Hanoi on June 29 unveiled the first 100-year master plan in its history, betting that the capital can lift average incomes to US$95,000 and build a $1.92 trillion economy by 2065.
Those are first-world numbers for a city whose economy was worth about $63 billion last year, or roughly $7,000 a person.
The blueprint, approved in May, drops the idea of Hanoi as a single sprawling city.
Instead it envisions a "radial cluster," with Hanoi as the core and neighboring provinces such as Bac Ninh, Hung Yen and Thai Nguyen acting as satellite poles that absorb people and industry.
The shift reflects sheer scale. Hanoi's population, about 9 million today, is projected to hit 14 to 15 million by 2035 and 17 to 19 million by 2065, with a hard cap below 20 million after that.
The Red River, for decades treated as the city's back edge, becomes its central spine, lined by a planned landscape boulevard.
The plan also promises to revive Hanoi's heavily polluted inner-city rivers, including the To Lich, a long-running source of public frustration.
At the core of the plan is a metro buildout on a scale Hanoi has never attempted: 18 lines stretching about 979 km, which the city estimates could cost $109.7 billion to $137 billion.
After 25 years of effort, Hanoi runs just two lines covering about 21.5 km, roughly 2% of the proposed network.
Officials now want 500 km built by 2035.
A section of the scale model of Hanoi's 100-year master plan. Photo by Hoang Phong
The blueprint also reaches underground, mapping four layers from surface-level shopping and parking down to groundwater reservoirs and defense facilities below 50 meters, with the deepest ground sealed off as a strategic reserve.
Above the streets, Hanoi says it will study eVTOL air taxis and drone corridors, reserving airspace over 3,000 meters for aviation, telecommunications and defense.
The economic roadmap is staged: GRDP of about $200 billion by 2035, $640 billion by 2045 and $1.92 trillion by 2065, with the digital economy eventually supplying half of output.
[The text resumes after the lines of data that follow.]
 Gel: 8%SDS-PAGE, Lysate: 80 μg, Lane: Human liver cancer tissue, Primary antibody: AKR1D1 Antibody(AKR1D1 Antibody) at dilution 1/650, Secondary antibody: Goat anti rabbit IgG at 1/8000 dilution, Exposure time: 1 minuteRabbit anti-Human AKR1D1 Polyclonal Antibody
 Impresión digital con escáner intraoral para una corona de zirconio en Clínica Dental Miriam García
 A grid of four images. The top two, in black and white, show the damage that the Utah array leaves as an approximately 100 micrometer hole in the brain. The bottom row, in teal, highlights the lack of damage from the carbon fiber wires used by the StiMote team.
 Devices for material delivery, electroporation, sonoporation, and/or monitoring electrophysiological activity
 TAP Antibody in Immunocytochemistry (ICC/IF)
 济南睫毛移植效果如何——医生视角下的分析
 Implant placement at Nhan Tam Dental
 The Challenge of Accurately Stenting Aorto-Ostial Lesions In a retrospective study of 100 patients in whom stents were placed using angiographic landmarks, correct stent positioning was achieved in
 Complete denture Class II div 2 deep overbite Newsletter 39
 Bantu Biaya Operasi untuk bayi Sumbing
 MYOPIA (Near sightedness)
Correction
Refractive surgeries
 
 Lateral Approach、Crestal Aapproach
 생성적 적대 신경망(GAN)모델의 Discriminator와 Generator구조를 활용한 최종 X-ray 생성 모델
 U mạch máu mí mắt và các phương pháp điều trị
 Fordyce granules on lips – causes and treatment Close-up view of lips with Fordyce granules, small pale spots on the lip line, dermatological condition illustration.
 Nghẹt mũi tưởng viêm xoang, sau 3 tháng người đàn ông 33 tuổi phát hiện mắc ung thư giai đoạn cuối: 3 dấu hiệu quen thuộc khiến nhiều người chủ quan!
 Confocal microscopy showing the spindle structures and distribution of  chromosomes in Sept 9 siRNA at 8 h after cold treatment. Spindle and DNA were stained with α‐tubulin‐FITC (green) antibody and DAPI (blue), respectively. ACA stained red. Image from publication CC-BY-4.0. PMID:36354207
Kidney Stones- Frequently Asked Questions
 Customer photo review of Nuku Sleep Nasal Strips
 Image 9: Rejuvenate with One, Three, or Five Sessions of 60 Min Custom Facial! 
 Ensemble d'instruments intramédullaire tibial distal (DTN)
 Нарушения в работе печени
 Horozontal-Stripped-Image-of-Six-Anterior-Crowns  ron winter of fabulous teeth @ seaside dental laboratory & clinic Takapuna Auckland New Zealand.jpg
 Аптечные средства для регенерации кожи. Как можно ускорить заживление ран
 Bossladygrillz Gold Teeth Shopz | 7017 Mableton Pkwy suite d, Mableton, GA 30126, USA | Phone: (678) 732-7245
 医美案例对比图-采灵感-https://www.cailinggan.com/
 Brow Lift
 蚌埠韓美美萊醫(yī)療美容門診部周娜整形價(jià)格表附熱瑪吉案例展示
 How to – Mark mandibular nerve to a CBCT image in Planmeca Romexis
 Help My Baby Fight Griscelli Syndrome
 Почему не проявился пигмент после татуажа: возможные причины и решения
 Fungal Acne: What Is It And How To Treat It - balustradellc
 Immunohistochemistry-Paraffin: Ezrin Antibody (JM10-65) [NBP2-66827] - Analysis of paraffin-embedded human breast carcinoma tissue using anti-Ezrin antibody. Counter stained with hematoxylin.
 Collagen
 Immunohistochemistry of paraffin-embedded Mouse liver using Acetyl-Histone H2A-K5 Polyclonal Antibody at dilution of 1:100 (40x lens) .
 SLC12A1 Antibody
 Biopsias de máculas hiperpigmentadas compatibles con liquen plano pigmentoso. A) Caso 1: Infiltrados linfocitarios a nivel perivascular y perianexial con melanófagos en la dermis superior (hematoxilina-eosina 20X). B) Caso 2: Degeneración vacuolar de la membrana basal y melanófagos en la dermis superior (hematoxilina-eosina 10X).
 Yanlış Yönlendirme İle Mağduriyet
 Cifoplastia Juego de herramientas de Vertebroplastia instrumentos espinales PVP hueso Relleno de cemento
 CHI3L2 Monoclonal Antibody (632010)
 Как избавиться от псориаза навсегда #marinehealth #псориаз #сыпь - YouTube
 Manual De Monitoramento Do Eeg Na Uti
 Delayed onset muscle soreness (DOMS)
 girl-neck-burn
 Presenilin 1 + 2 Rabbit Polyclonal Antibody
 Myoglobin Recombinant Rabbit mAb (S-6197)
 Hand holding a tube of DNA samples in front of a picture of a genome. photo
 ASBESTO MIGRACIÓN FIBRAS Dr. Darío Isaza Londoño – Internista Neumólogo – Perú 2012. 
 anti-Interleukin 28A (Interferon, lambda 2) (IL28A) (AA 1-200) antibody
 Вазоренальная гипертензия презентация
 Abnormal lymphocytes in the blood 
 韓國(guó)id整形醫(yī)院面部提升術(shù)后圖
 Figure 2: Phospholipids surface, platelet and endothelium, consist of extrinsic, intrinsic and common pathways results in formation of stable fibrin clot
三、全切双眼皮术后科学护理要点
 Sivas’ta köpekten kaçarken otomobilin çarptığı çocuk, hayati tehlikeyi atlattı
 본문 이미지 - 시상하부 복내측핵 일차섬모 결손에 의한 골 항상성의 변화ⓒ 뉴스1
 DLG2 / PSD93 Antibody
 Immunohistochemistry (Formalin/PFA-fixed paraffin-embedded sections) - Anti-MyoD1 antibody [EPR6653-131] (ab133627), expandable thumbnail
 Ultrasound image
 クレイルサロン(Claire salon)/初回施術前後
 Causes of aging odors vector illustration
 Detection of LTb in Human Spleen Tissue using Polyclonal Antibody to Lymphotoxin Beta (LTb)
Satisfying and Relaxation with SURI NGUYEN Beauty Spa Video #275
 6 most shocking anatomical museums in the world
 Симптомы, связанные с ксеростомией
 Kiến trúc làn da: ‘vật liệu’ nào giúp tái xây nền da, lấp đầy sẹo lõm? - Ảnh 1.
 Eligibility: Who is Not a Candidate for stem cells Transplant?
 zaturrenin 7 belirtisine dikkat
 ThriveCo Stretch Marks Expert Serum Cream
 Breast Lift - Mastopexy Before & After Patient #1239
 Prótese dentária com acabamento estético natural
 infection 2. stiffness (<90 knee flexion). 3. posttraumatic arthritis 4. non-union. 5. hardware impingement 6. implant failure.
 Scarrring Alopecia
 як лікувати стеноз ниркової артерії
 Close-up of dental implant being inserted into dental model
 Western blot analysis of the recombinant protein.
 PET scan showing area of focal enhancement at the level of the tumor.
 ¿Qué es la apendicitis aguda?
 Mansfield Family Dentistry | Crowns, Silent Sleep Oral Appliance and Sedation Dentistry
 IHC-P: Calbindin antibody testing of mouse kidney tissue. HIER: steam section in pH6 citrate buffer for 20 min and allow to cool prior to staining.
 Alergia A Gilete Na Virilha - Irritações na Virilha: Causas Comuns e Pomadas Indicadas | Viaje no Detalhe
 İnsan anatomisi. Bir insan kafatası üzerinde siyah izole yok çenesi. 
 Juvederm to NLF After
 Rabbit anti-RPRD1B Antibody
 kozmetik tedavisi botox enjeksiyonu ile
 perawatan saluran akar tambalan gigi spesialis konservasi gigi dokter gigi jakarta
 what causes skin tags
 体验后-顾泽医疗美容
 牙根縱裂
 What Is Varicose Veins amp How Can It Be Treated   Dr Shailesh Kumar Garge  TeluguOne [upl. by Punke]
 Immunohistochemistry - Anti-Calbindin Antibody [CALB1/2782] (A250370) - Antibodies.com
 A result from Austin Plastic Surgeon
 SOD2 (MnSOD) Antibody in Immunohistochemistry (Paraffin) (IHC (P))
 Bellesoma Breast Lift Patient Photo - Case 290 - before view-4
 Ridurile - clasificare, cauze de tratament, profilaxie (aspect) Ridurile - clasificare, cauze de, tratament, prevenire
By the end, the city wants average life expectancy of 80, a Human Development Index of about 0.95 and a place among the world's 10 happiest capitals, all on a "compact-green" model that guards its green belts.
City planners describe the 2065 targets as a strategic destination meant to put pressure on present-day policy rather than a precise prediction, acknowledging that a 40-year horizon is clouded by shifts in technology, geopolitics and climate.
At the launch, attended by National Assembly Chairman Tran Thanh Man, much of the discussion centered less on the vision than on whether Hanoi can deliver it.
The top legislator told delegates a plan has value only when it is carried out effectively.
The city says it will finalize detailed zoning for more than 40 sub-areas before the end of 2026.